Where is the laundry stand pipe with p-trap on you drawing?


----------



## Robert Ellenberg (Jun 18, 2010)

JMorrison--I have read other references that dry venting is preferable if possible so that is what I was attempting.  Is that correct?

EPrice--Yes, they would be sloped at less than a 45, dry (sloped back min. 1/4"/FT for condensation) and they would turn up inside the chase, going vertical and then connect into the 3" vent at a place 6"+ above the rim of the highest sink, with the 3" continuing up through the roof .

Bootleg--I did not show it simply because my rough sketch already looked cluttered. However, the question was simply could the Ptrap be at the bottom of the stand pipe just under the floor (basically in the same plane as tub and shower P traps).  I think the IRC allows it to be 42" below the top of the stand pipe but I didn't know if the UPC or other codes permitted the P trap to be done this way.


----------



## Bootleg (Jun 18, 2010)

Quote: Robert said...

(the question was simply could the Ptrap be at the bottom of the stand pipe just under the floor (basically in the same plane as tub and shower P traps).
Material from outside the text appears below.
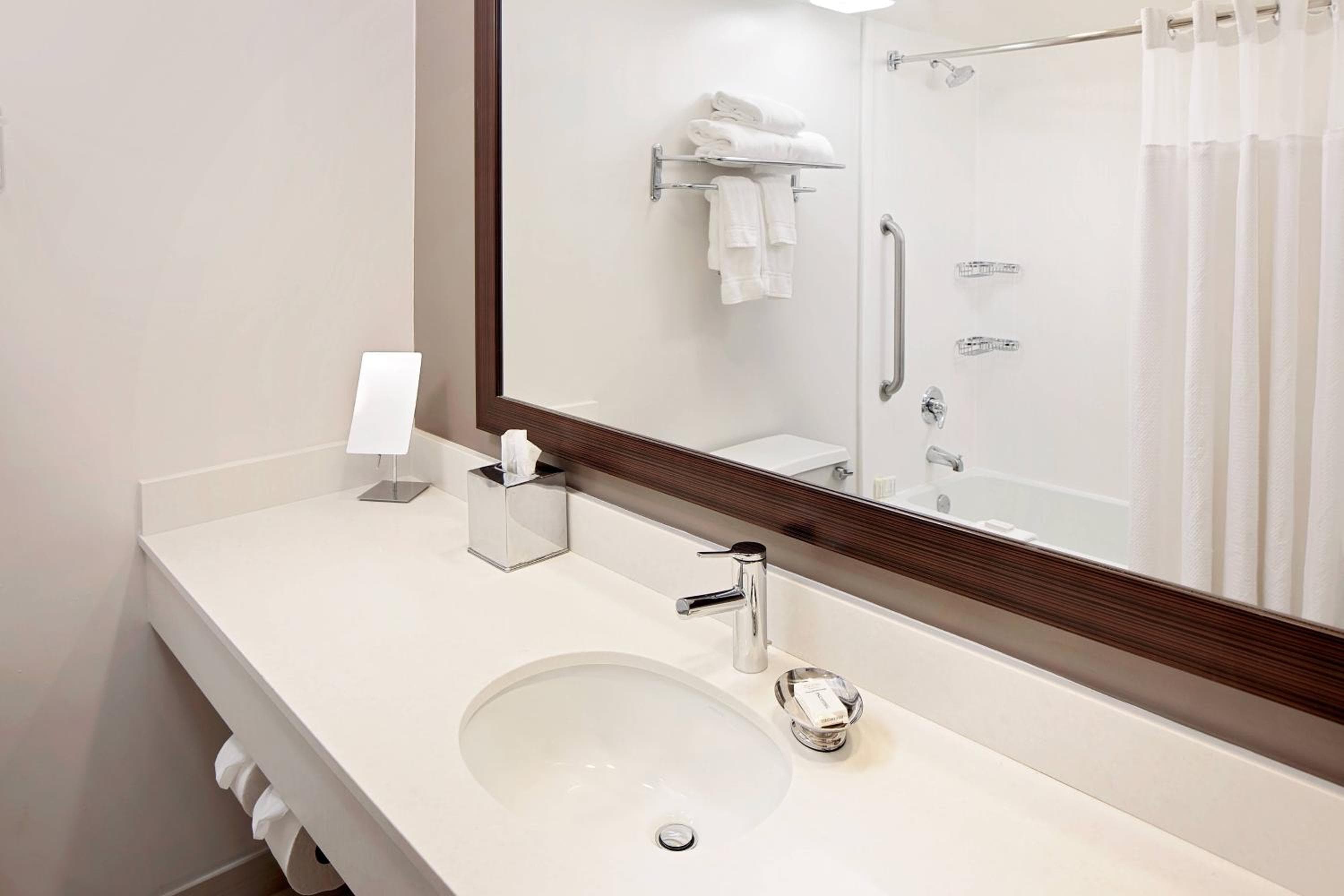 Courtyard by Marriott Fort Lauderdale North/Cypress Creek — 12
I think the IRC allows it to be 42" below the top of the stand pipe but I didn't know if the UPC or other codes permitted the P trap to be done this way.)

2006 UPC  804.1

No trap for clothes washer below the floor.


----------



## JMORRISON (Jun 22, 2010)

Here is good interp from Dave Cantrell.  This is in parts due to file size.

 SEATTLE / KING COUNTY PUBLIC HEALTH

Community Environmental Health

Plumbing / Gas Piping Inspections

DECISIONS / INTERPRETATIONS

of the Chief Plumbing Inspector

Date: August 16, 2007 Decision No. 07-004

REVISED

Subject: Bathroom (Horizontal) Wet Venting

Code / Section: 2006 UPC Section 908.4

Decision. All bathroom wet venting installations shall conform to Section 908.4 and the guidelines contained in the attached document entitled “2006 UPC Section 908.4 – Bathroom Wet Venting Guidelines.”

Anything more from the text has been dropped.